Table 6. Final Heuristic Set and Descriptions, New Heuristics not in Nielsen’s Set
|TH1. Moving||H1. Navigating within the||Navigation should be|
|through the test||application and terminating the exam should be intuitive||intuitive enabling the user to identify where they have been, where they are and where they want to go. Options to exit should be identifiable.|
|TH6. Protecting Answers||H6. Prevent loss of input data||When answers are input the data should not be lost or corrupted.|
|TH7. Access||H7. Accessing the test should be clear and intuitive||Students should not encounter any difficulty in accessing the test.|
|TH8. Test Design||H8. Use clear language and grammar within questions and ensure the score is clearly displayed.||Text should be grammatically correct and make sense. It should be obvious to students what the score is for a particular question and the scoring algorithm applied (e.g. if negative marking is used). Question feedback should assist the learning process.|
|TH9. Psychological/ Perception||H9. Design should inspire trust and not unfairly penalize||Students should feel confident that the system will not fail. Ensure test mode does not impact on fairness and performance within the test.
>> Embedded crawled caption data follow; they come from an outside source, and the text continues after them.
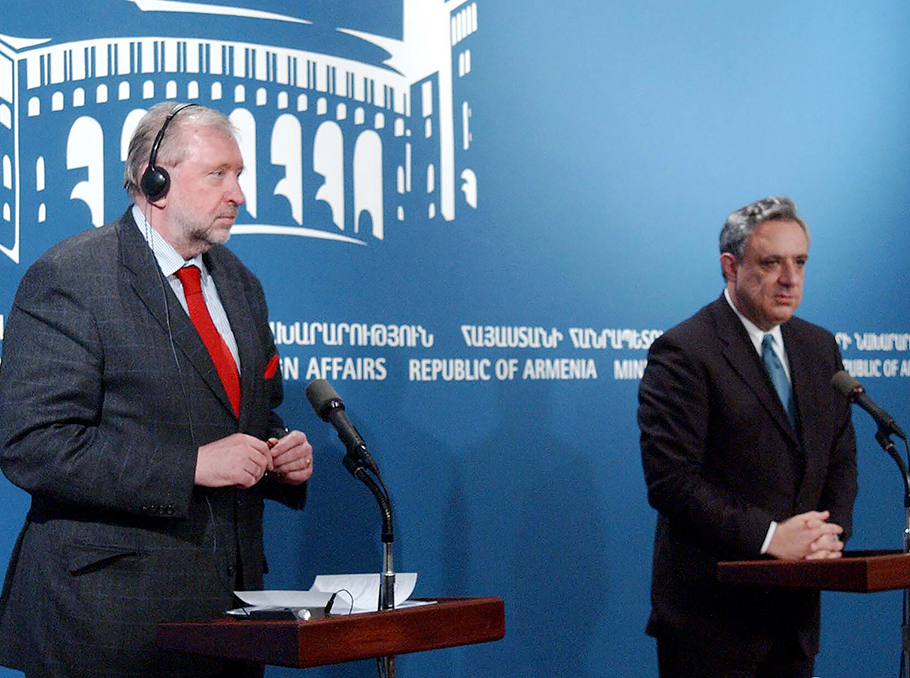 Димитрий Рупель и Вардан Осканян в Ереване 30 марта 2005 года 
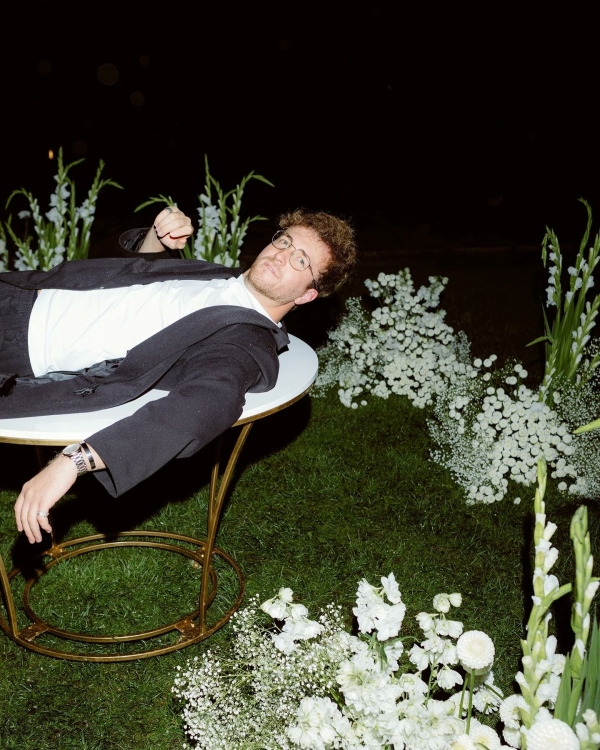 «Когда я начал говорить со сцены честно,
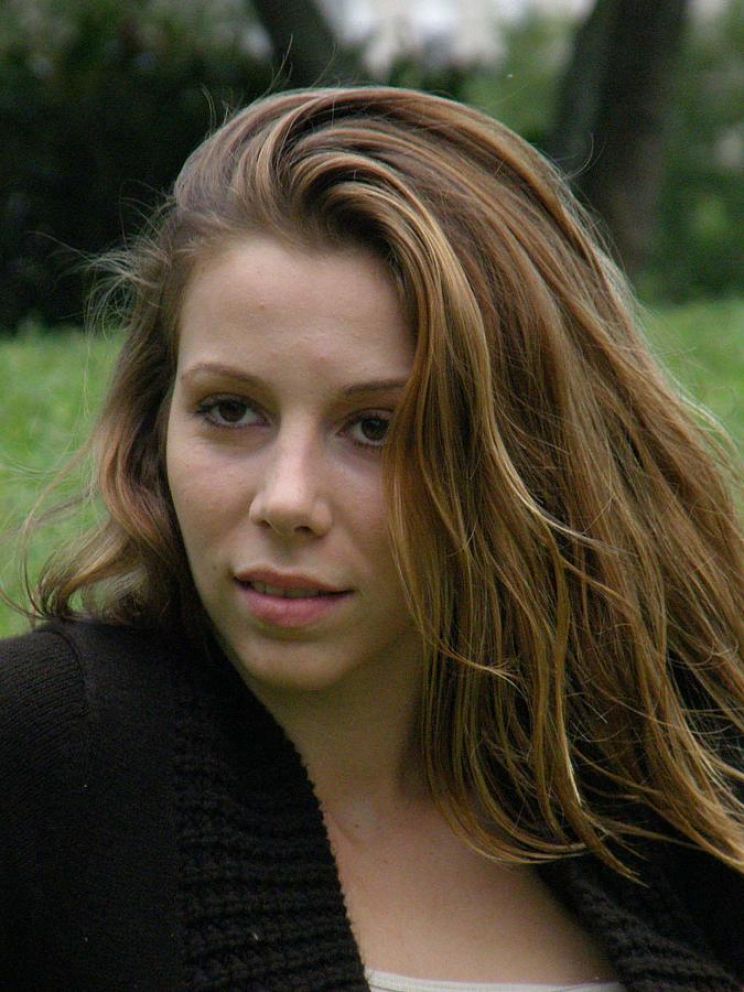 Alexandra Neil
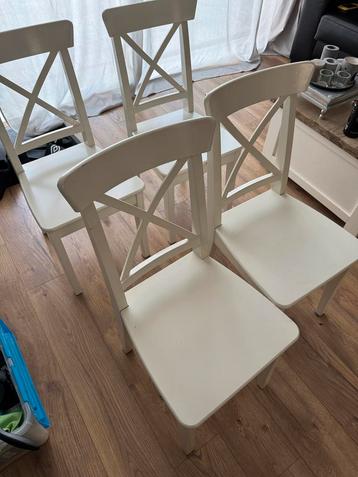 Eettafel met 4 witte stoelen beschikbaar voor biedingen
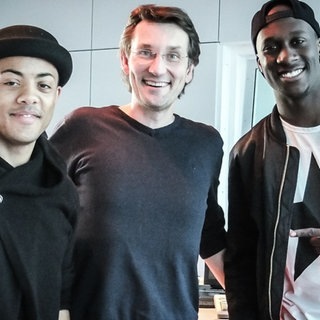 Nico & Vinz (hier mit SWR3-Moderator Kristian Thees in der Mitte) kommen aus Norwegen sind aktuell mit ihrer Single „Am I Wrong“ am Start. Der Song war in 2013 einer der meistgespielten Sommerhits in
For example it should be clear if marks would be lost for incorrect spelling.|
|TH10. Physical||H10. Minimise external factors which could affect the user||Ensure that there is minimal latency when moving between questions or saving answers. Also ensure delivery platform is secure and robust.|
To ensure that the heuristics offered better coverage than Nielsen’s heuristic set it was important that each problem could be classified to at least one heuristic, which was achieved.
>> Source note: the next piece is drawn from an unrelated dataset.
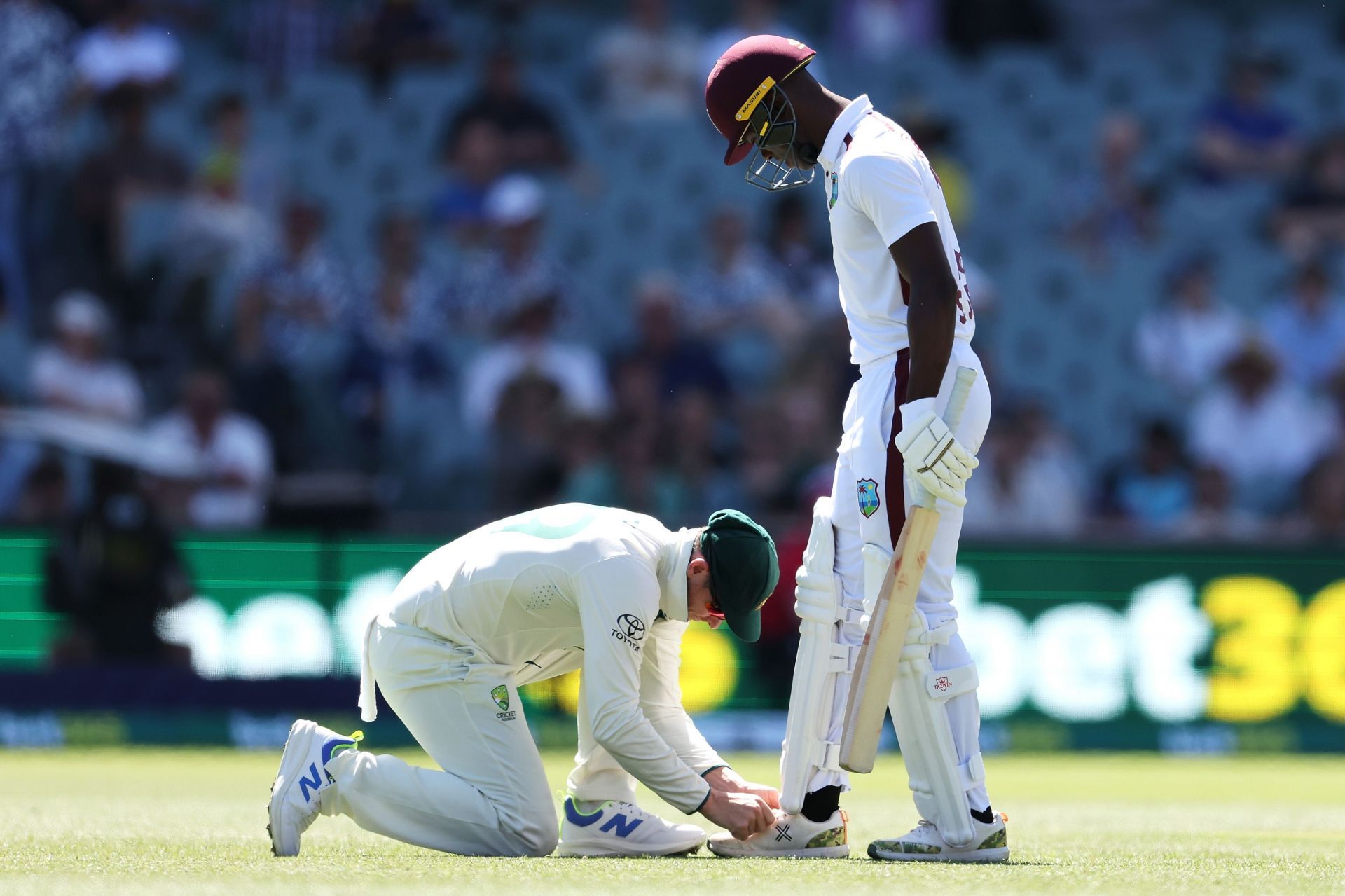 [Watch] Steve Smith Ties Shamar Joseph’s Shoelaces On Day 3 Of AUS Vs ...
This paper has presented an evidence based approach to the development of a set of heuristics for CAA. Through a process of student surveys and heuristic evaluation a corpus of usability problems was created. However, the process of creating a corpus was time consuming and required a significant amount of time for filtering and merging the data sets. In total, over 300 problems were reported in the various studies and this corpus was filtered and merged to leave 34 problems that would lead to unacceptable consequences for students in CAA.
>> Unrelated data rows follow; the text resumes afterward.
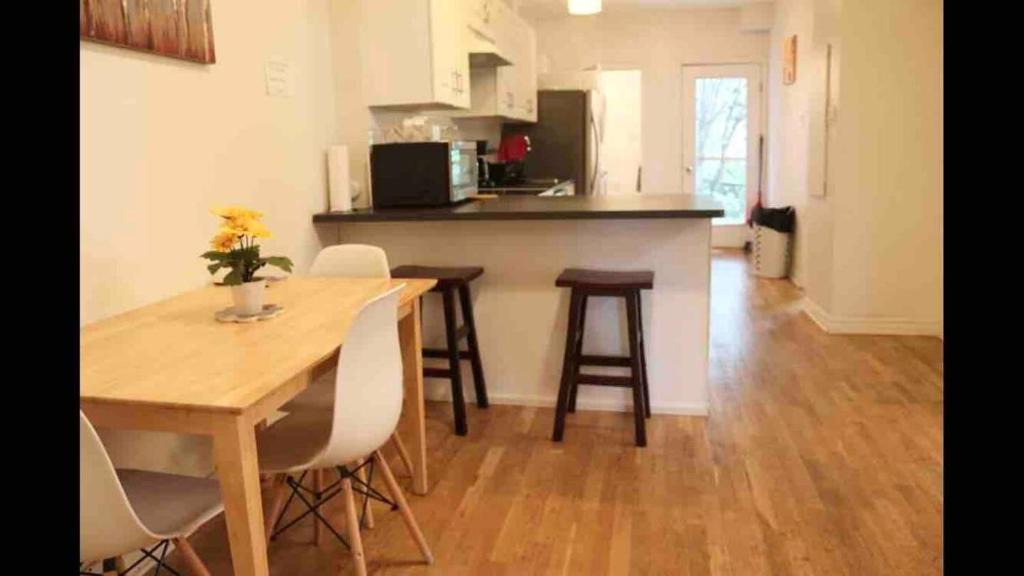 De Lorimier Apartment | Spacious 2bd room Appartement in Plateau Montroyal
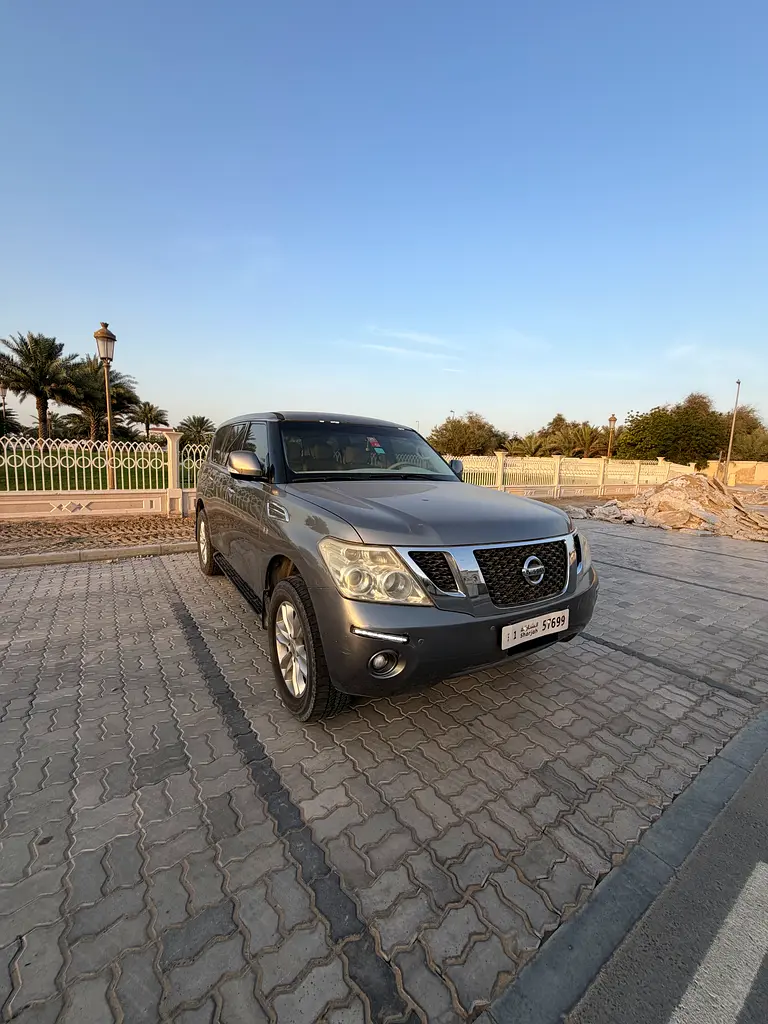 Nissan Patrol 2013 — photo 1 of 8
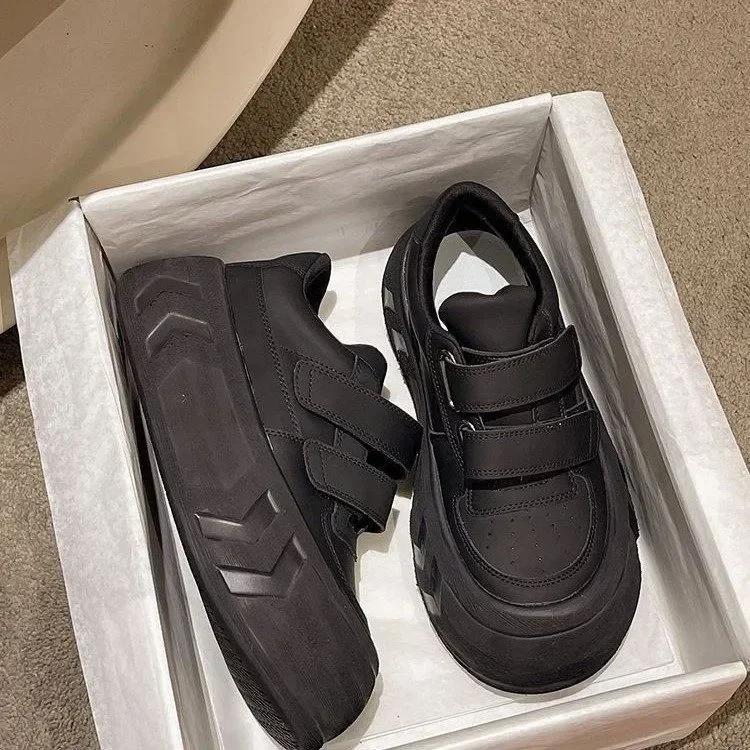 Fashion Women's Leisure Sports Shoes White Chunky Sneakers Women Autumn Winter New Fashion Running Sneakers Casual Platform Board Shoes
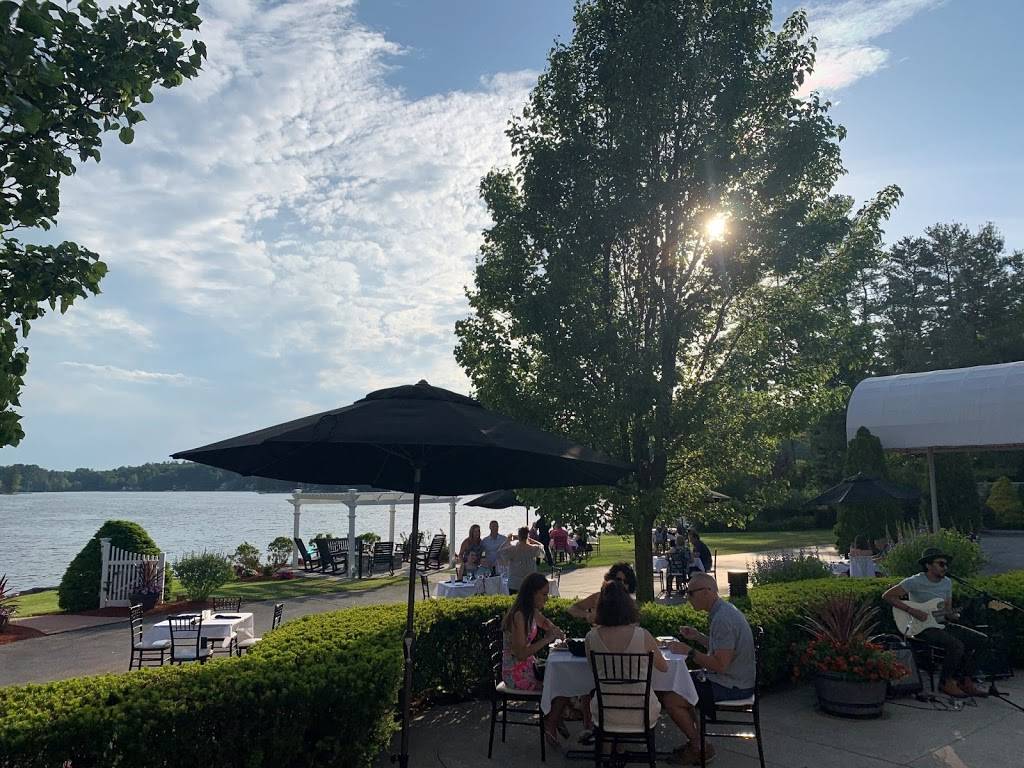 Castleton’s Waterfront Dining on Cobbetts | restaurant | 58 Enterprise Dr, Windham, NH 03087, USA | 6038986300 OR +1 603-898-6300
The heuristic set that was synthesized offers enhanced coverage of the CAA domain. Further studies are required with the heuristic set to establish ease of use, with a focus on the adequacy of the terminology. In addition unacceptable consequences have potential for use within severity rating scales. The reliability of this will be evaluated and compared to establish if inter-rater reliability is greater than when using Nielsen’s scale. However, the validity of the new heuristics cannot be validated against user testing (as, e.g., in ), as user testing is not well suited to the CAA domain, as argued early in this paper. Claims for the adequacy of the new CAA heuristics are thus based on their systematic inspectable derivation from relevant examples based on over 300 reported usability problems for real world CAA applications (in contrast, the 249 problems used in  were far more heterogeneous). The whole process of derivation is inspectable, focused well grounded and diverse, having involved a good range of HCI and e-learning expertise. Given this, we are confident that our new set of CAA heuristics can reliably support CAA authors in the elimination of potential unacceptable usability problems through well informed procurement of CAA applications and revisions to specific objective test designs.